### Supplied information ###

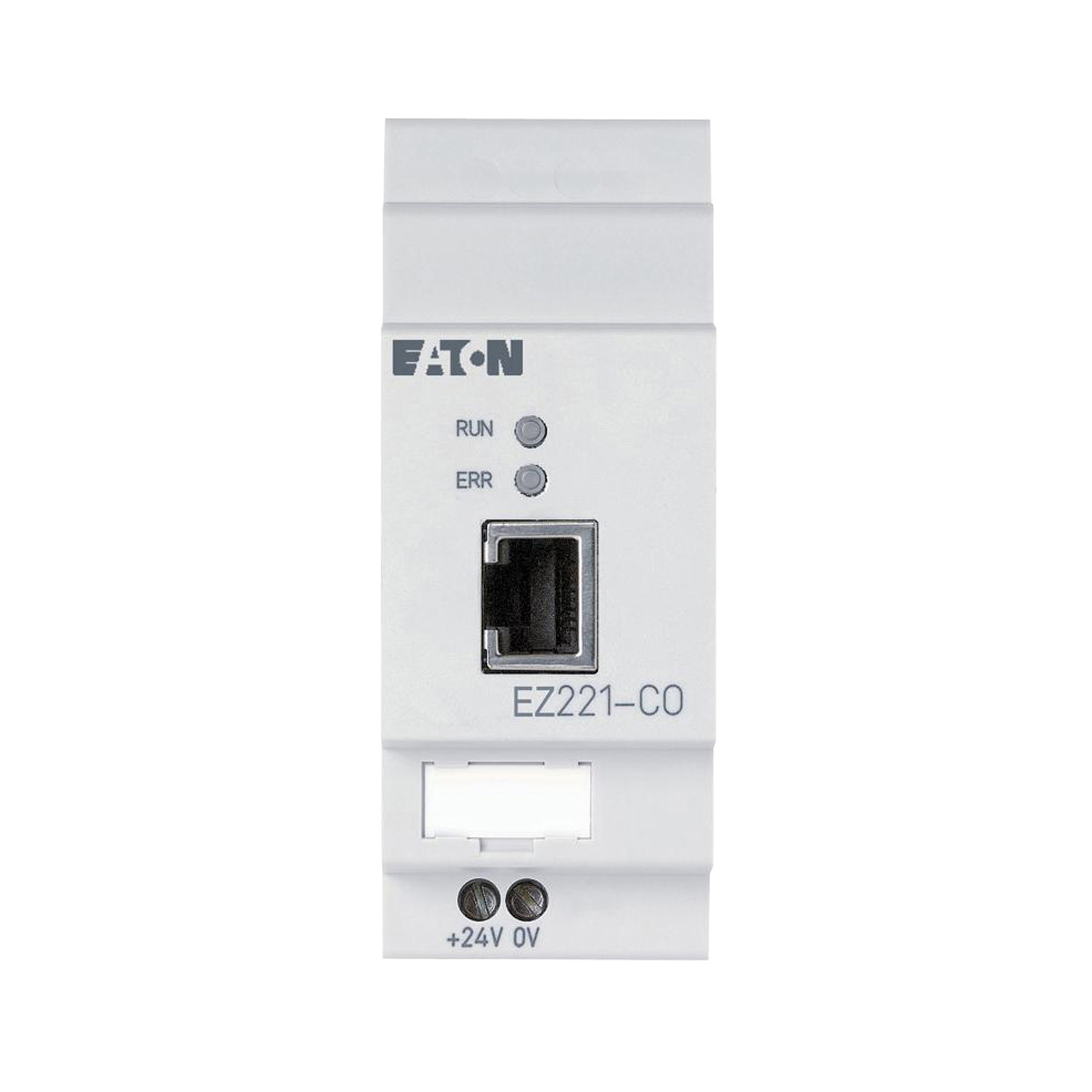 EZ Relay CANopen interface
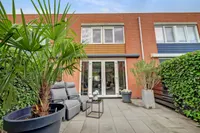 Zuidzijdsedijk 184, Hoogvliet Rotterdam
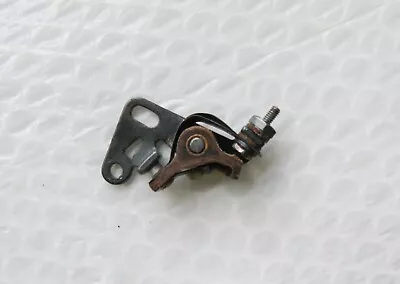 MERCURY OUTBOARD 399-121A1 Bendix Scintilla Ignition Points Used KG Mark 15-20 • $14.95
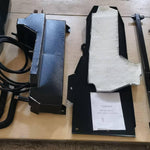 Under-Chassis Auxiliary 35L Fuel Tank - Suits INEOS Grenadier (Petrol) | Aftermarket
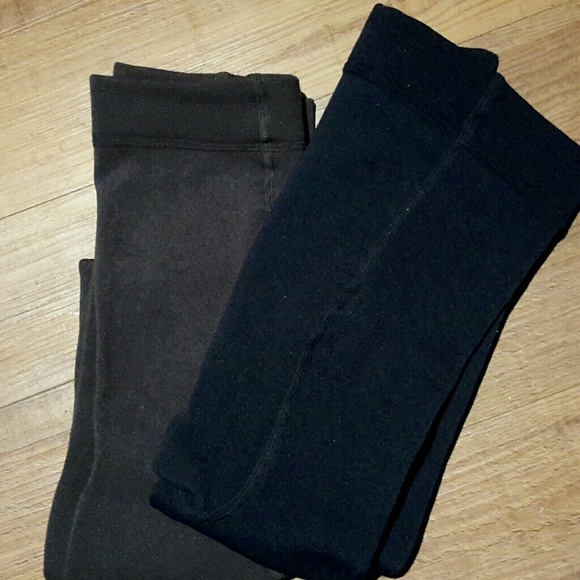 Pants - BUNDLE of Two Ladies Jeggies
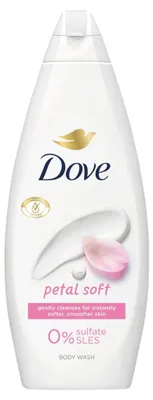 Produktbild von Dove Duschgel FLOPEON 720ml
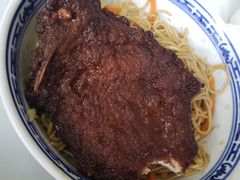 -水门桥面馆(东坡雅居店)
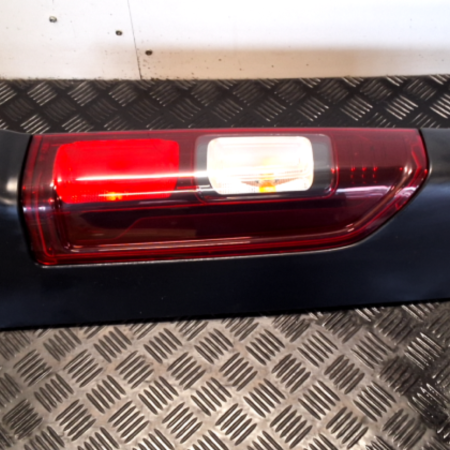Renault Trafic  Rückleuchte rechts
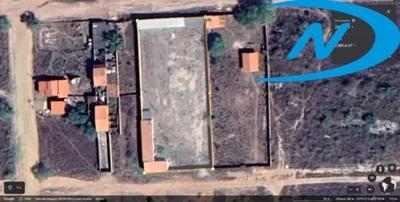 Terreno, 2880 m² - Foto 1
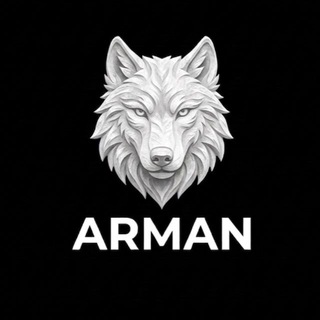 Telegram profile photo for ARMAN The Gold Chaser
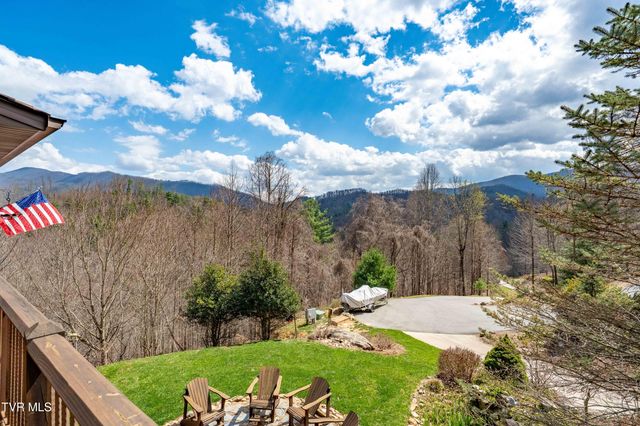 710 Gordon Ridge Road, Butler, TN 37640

###

Exercise details =
Only the lines from the one containing "-水门桥面馆(东坡雅居店)" through the last line of the entries, both included, should be repeated exactly, and the pictures should be left out.

Solution for this problem =
 -水门桥面馆(东坡雅居店)
Renault Trafic  Rückleuchte rechts
 Terreno, 2880 m² - Foto 1
 Telegram profile photo for ARMAN The Gold Chaser
 710 Gordon Ridge Road, Butler, TN 37640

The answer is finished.